Se considerarmos que a população economicamente ativa não chega a 98 milhões de pessoas, é fácil imaginar o quanto esses cartões contribuem para o endividamento de milhões de brasileiros. “Existem varejistas onde o private label representa mais de 70% das vendas. Por outro lado, é também uma ótima oportunidade de relacionamento com os clientes”, afirma Alves.


Para aumentar as vendas, no geral, oferecem parcelamento de compras sem juros em mais vezes do que é oferecido nos cartões de crédito comuns. A rede de supermercados Bistek, de Santa Catarina, chega a oferecer 70 dias para pagar a compra à vista e financiamento de até 90% do saldo devedor da fatura. Assim, o cliente acaba comprando mais, pois os longos prazos permitem parcelas mensais que cabem no orçamento.

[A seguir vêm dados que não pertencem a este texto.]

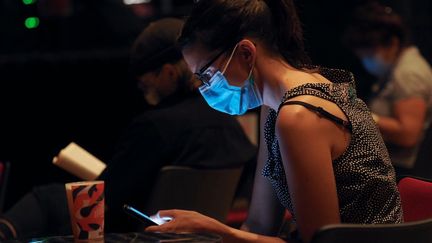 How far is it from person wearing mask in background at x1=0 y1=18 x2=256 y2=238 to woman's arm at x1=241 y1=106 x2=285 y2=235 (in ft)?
2.57

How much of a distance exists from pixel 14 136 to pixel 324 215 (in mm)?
3404

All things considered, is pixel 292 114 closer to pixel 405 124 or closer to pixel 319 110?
pixel 319 110

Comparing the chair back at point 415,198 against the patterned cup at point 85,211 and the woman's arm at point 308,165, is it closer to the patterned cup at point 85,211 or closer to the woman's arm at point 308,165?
the woman's arm at point 308,165

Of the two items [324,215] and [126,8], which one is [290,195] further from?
[126,8]

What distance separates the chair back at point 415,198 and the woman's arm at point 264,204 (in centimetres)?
36

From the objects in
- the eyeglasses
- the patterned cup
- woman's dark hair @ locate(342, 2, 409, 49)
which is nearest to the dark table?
the patterned cup

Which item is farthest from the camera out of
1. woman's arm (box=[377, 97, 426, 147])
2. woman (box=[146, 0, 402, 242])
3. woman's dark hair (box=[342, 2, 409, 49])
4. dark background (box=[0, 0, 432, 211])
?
dark background (box=[0, 0, 432, 211])

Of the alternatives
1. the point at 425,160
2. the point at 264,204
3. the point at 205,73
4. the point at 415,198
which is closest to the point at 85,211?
the point at 205,73

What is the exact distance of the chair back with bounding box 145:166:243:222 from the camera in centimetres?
334

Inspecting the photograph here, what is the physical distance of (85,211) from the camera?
85.6 inches

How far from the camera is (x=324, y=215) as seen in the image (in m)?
2.16

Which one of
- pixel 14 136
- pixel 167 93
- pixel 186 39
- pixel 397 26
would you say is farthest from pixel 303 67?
pixel 14 136

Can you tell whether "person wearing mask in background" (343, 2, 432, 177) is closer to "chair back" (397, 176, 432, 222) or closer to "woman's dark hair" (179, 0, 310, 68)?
"chair back" (397, 176, 432, 222)

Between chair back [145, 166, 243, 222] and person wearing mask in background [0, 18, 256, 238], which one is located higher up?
person wearing mask in background [0, 18, 256, 238] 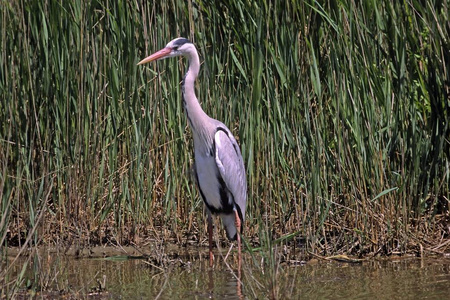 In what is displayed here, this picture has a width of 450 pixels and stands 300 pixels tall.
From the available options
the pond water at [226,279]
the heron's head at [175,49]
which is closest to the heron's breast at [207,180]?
the pond water at [226,279]

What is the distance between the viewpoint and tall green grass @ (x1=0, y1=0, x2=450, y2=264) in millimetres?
5090

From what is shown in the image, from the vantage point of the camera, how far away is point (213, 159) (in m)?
5.46

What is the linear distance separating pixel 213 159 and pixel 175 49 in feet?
2.49

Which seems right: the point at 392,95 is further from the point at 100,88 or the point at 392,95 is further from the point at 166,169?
the point at 100,88

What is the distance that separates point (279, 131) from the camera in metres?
5.45

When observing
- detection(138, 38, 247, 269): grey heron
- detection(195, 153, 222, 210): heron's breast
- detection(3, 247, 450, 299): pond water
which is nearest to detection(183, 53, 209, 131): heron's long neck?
detection(138, 38, 247, 269): grey heron

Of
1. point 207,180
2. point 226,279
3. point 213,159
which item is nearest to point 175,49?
point 213,159

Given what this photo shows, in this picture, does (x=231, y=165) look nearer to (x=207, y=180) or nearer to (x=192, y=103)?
(x=207, y=180)

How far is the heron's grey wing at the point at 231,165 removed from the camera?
17.5 feet

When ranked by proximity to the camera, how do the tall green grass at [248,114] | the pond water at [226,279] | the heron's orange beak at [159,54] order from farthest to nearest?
the heron's orange beak at [159,54] < the tall green grass at [248,114] < the pond water at [226,279]

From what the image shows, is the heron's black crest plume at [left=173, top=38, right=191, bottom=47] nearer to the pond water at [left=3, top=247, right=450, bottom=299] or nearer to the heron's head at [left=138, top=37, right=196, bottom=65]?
the heron's head at [left=138, top=37, right=196, bottom=65]

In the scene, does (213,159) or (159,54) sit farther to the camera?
(213,159)

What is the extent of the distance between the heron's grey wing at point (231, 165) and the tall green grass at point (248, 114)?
0.34 ft

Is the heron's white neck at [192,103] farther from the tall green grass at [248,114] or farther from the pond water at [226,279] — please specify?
the pond water at [226,279] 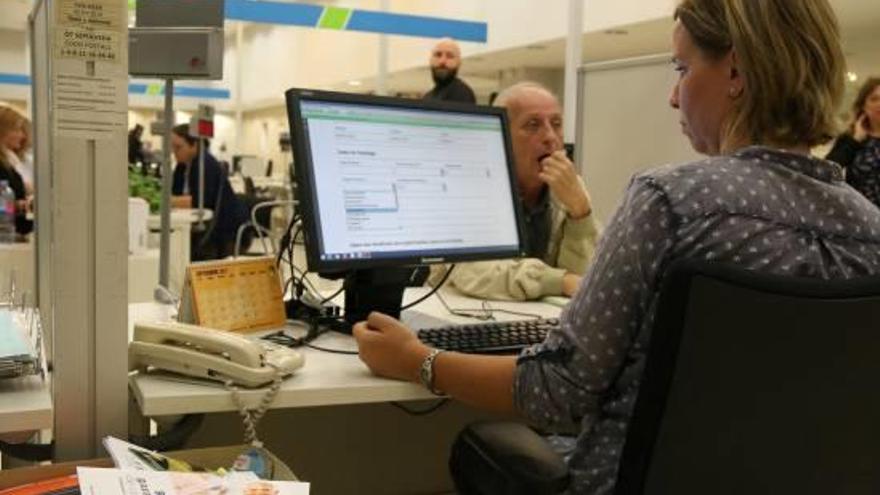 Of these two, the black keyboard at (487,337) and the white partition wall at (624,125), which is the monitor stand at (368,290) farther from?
the white partition wall at (624,125)

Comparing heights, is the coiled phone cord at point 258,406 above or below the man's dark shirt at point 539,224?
below

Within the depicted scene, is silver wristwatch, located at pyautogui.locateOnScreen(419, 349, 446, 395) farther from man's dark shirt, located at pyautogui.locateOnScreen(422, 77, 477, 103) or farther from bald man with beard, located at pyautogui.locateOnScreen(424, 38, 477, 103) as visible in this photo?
bald man with beard, located at pyautogui.locateOnScreen(424, 38, 477, 103)

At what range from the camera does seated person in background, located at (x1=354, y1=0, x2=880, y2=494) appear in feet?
3.24

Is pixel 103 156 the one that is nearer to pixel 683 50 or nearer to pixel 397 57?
pixel 683 50

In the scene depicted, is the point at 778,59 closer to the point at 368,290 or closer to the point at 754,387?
the point at 754,387

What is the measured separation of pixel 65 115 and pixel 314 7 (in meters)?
4.86

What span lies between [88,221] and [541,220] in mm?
1324

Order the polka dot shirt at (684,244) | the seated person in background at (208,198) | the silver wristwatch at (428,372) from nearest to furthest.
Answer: the polka dot shirt at (684,244), the silver wristwatch at (428,372), the seated person in background at (208,198)

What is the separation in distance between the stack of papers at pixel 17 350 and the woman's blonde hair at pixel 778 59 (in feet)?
3.19

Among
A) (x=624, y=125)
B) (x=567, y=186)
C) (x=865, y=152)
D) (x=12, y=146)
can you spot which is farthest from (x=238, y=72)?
(x=567, y=186)

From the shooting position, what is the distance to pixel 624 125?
9.42 ft

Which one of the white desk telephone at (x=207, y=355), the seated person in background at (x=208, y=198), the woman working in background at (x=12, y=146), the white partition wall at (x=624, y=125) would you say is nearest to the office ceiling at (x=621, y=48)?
the white partition wall at (x=624, y=125)

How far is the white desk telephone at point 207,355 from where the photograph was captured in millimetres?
1179

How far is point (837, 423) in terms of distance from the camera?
3.06ft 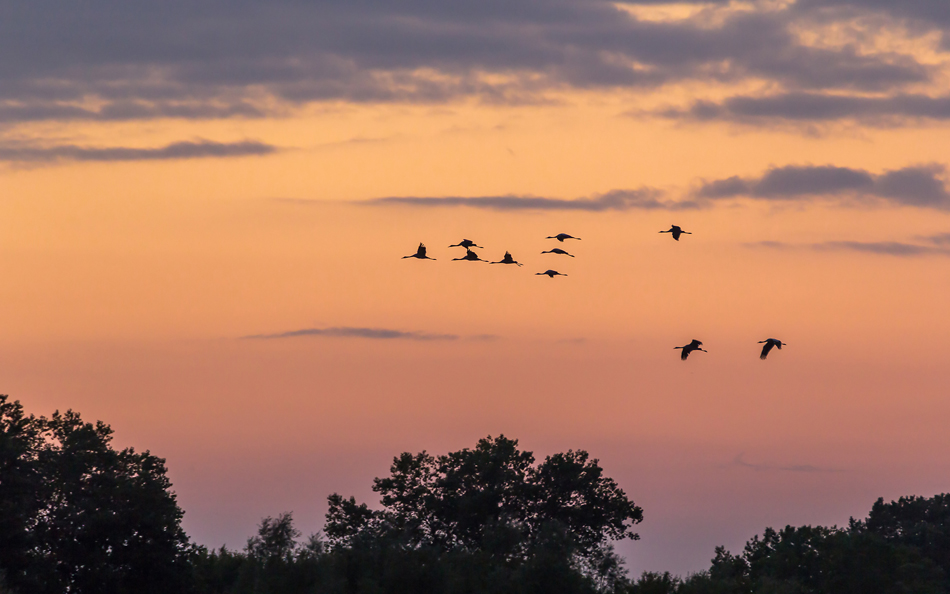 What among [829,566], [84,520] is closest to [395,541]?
[84,520]

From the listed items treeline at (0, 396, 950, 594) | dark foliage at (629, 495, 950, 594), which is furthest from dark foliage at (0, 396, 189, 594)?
dark foliage at (629, 495, 950, 594)

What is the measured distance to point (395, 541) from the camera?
66.4 meters

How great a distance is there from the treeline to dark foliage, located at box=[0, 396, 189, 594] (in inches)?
3.0

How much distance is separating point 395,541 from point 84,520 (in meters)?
17.3

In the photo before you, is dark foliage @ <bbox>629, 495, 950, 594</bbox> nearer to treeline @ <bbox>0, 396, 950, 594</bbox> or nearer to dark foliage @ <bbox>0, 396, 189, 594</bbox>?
treeline @ <bbox>0, 396, 950, 594</bbox>

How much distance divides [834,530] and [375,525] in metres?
33.7

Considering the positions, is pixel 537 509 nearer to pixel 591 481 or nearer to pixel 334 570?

Já para fidelizar clientes, as redes acabam condicionando o pagamento da fatura à ida de uma das lojas, além de armazenar todos os dados das últimas compras realizadas e de oferecer pontos de relacionamento que podem ser trocados por prêmios. Nas Lojas Marisa, magazine de roupas femininas presente em todo o país, por exemplo, os cartões só podem ser usados no site da empresa ou na própria rede e, para quitar o boleto, é necessário ir até uma das lojas. O cartão também oferece anuidade grátis e cobra uma taxa de processamento de fatura (a mesma coisa que taxa de manutenção ou de extrato) no valor de R$ 1,95, toda vez que houver débito no cartão.


Mas o que dá lucro mesmo para as empresas nesse tipo de cartão são as taxas de refinanciamento – responsáveis, portanto, pelo endividamento e parte dos consumidores. Uma conta que deveria ser paga em outubro, por exemplo, fica só para novembro ou dezembro e, para refinanciar o débito do cliente, a loja cobra juros bem altos. No caso das Lojas Marisa, cobra-se taxa de refinanciamento de 9,98% ao mês, mais multa de 2% e mora de 1% ao mês. São ainda cobradas tarifas “de entrada em cobrança com 10 dias em atraso” (R$ 3,05) e “de manutenção em cobrança com 30 dias de atraso” (R$ 2,75).


Endividamento

Para muitos, os cartões de loja acabam sendo a única forma de comprar. Cerca de 40 milhões de brasileiros não possuem conta bancária e precisam trabalhr apenas com dinheiro – ou aderir aos private label.


Lurdes (nome fictício) é aposentada e vive no bairro do Campo Limpo com seus três netos. Recebe aposentadoria, que mal dá para cobrir as despesas. Para comprar roupas e eletrodomésticos, fez cartões das Lojas Pernambucanas e das Casas Bahia. Para a comida, fez também outros dois: do Extra e do Carrefour. Questiono se ela consegue administrar os cartões, para não acumular dívidas e a resposta pode desanimar quem acredita que pode conciliar muitos cartões de loja: “não tenho muito o que fazer, sem os cartões não consigo comprar, mas com eles, também não consigo ficar sem dívidas. Tento apenas dividir os pagamentos, para ter algum cartão disponível”.


Para Alvez, “a educação financeira é incipiente no Brasil e o consumismo é amplamente divulgado. É possível ter vários cartões de loja na carteira, desde que a somatória de gastos caiba no orçamento”. Mas essa é uma tarefa difícil. A responsabilidade, no fim, é exclusiva do consumidor, que precisa administrar suas contas e resistir aos apelos consumistas.